Please print, exactly, only the lines in the entries below from the line that has "KDEAM New 2021" through the line that has "Gas Station Ambience". Pictures don't go in.

Data extracted from a collection
────────────────────────────────────────

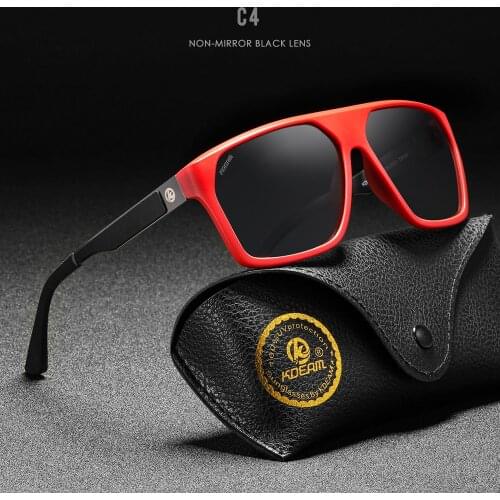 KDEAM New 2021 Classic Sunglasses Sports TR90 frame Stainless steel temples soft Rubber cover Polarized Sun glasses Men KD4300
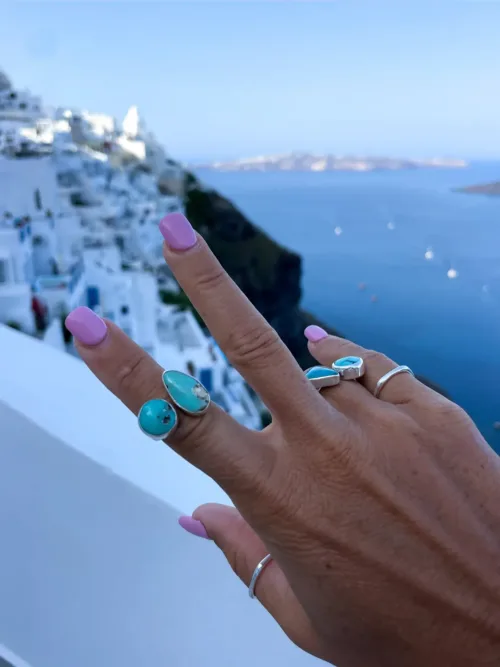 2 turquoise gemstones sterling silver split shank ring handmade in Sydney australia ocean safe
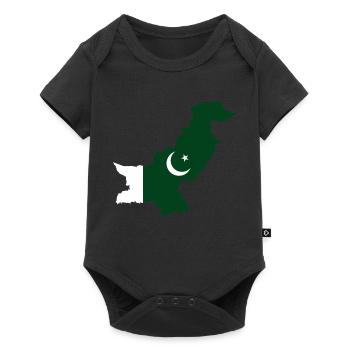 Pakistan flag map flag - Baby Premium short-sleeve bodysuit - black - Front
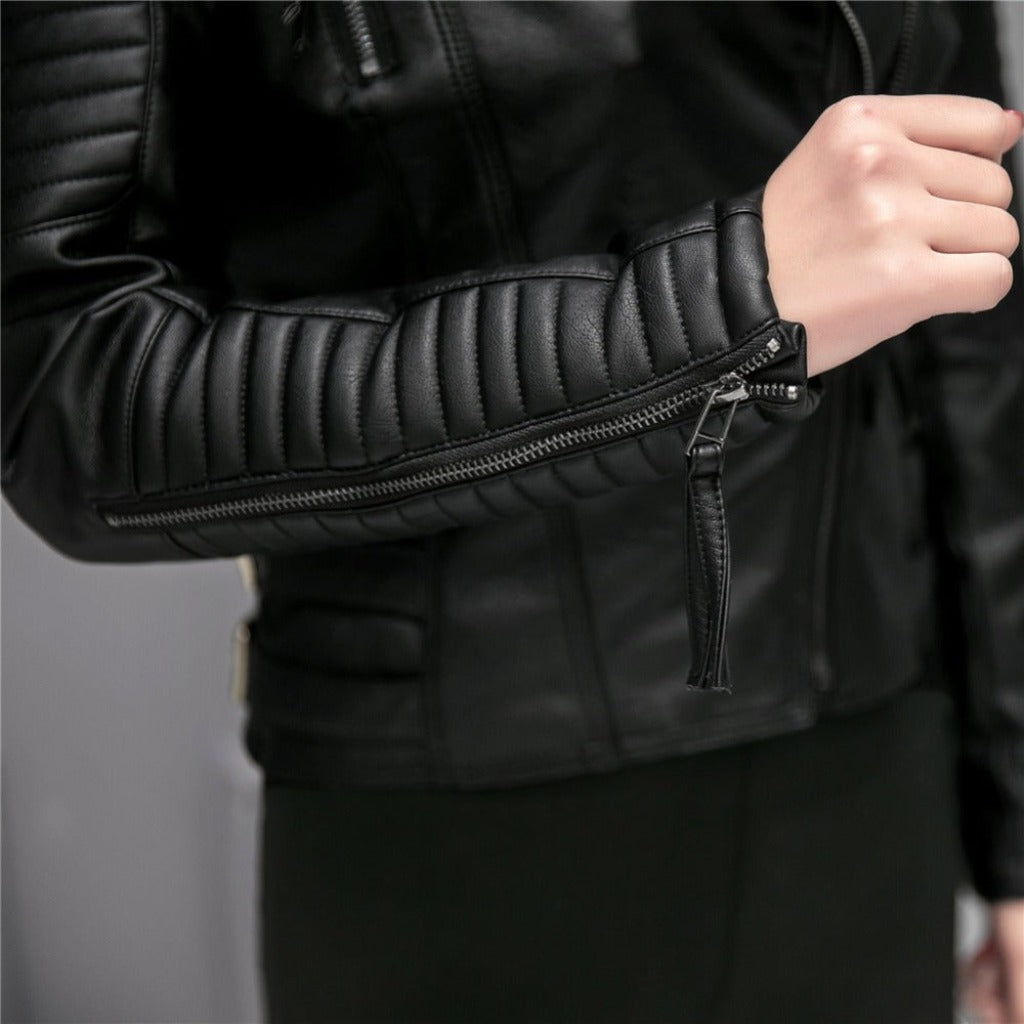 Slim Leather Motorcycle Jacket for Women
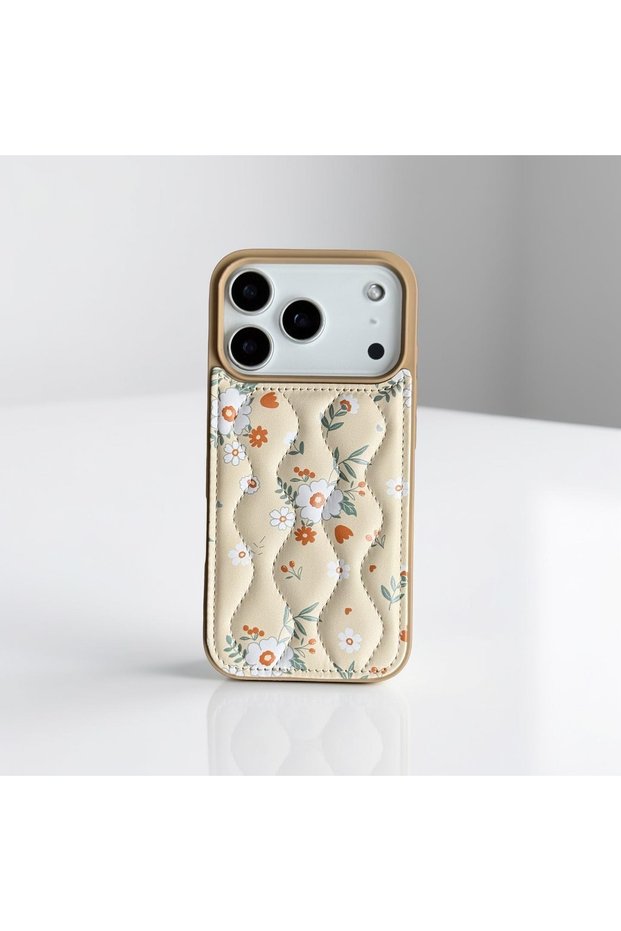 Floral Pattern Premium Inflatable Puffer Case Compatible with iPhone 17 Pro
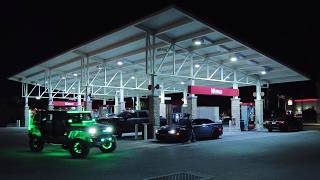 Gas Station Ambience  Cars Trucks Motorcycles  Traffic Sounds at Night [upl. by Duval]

────────────────────────────────────────

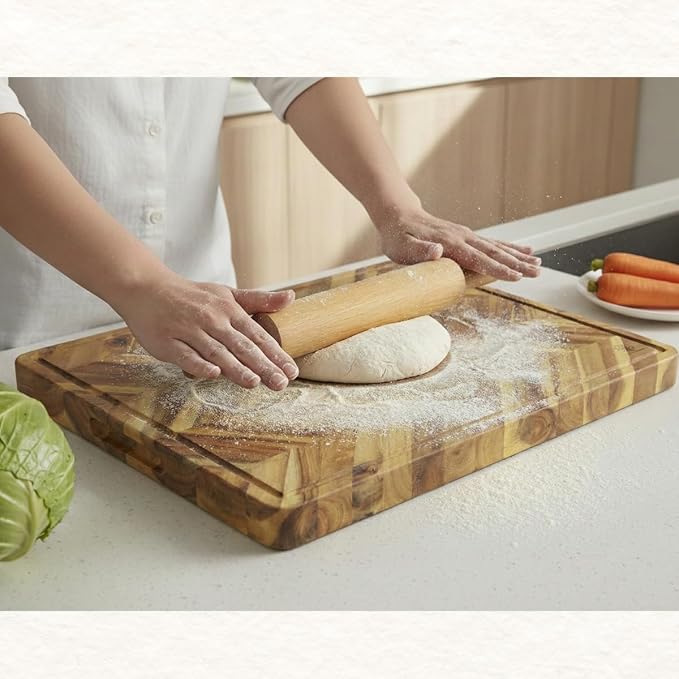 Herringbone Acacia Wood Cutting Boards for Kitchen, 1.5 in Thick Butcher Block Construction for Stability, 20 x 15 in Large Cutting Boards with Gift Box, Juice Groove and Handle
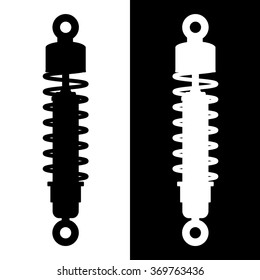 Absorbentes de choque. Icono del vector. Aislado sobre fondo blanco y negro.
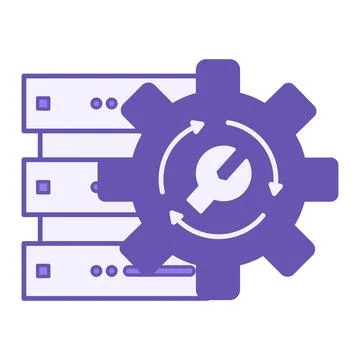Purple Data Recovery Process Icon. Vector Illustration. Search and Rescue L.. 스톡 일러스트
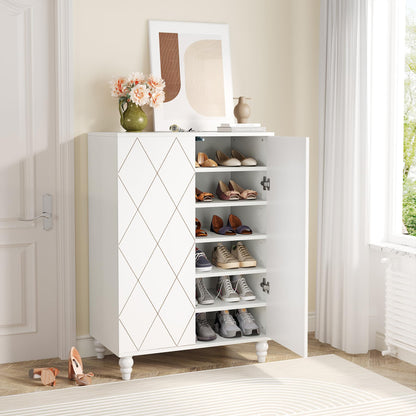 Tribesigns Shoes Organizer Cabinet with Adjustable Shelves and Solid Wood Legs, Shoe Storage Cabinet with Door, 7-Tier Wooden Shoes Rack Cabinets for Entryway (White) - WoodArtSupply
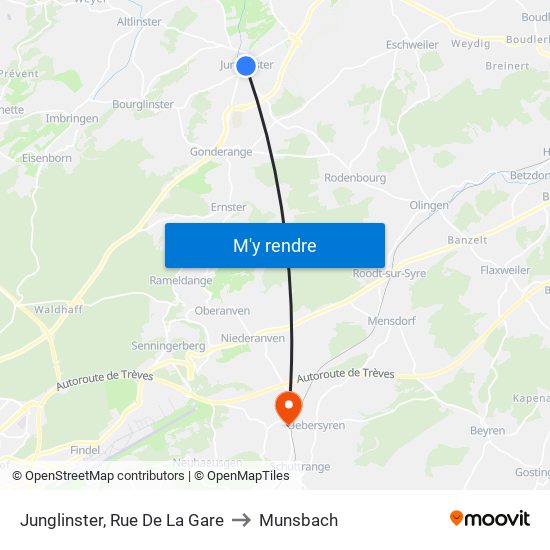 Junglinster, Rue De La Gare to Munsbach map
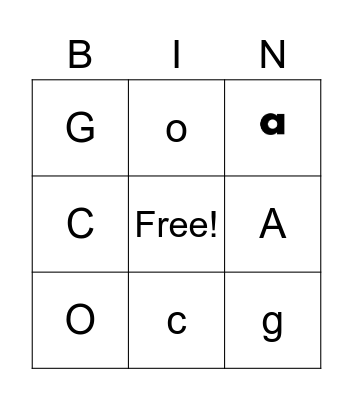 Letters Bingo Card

────────────────────────────────────────

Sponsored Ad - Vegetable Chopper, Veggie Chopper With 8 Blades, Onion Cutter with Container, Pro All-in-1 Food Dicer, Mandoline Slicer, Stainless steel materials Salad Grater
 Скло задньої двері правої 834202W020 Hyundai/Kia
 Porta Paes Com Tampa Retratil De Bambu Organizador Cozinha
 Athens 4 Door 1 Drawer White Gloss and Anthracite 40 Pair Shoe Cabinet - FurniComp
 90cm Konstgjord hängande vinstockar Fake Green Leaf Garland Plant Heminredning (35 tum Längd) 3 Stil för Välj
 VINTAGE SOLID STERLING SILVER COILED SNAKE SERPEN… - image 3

────────────────────────────────────────

Exercise answer.
 KDEAM New 2021 Classic Sunglasses Sports TR90 frame Stainless steel temples soft Rubber cover Polarized Sun glasses Men KD4300
 2 turquoise gemstones sterling silver split shank ring handmade in Sydney australia ocean safe
 Pakistan flag map flag - Baby Premium short-sleeve bodysuit - black - Front
 Slim Leather Motorcycle Jacket for Women
 Floral Pattern Premium Inflatable Puffer Case Compatible with iPhone 17 Pro
 Gas Station Ambience  Cars Trucks Motorcycles  Traffic Sounds at Night [upl. by Duval]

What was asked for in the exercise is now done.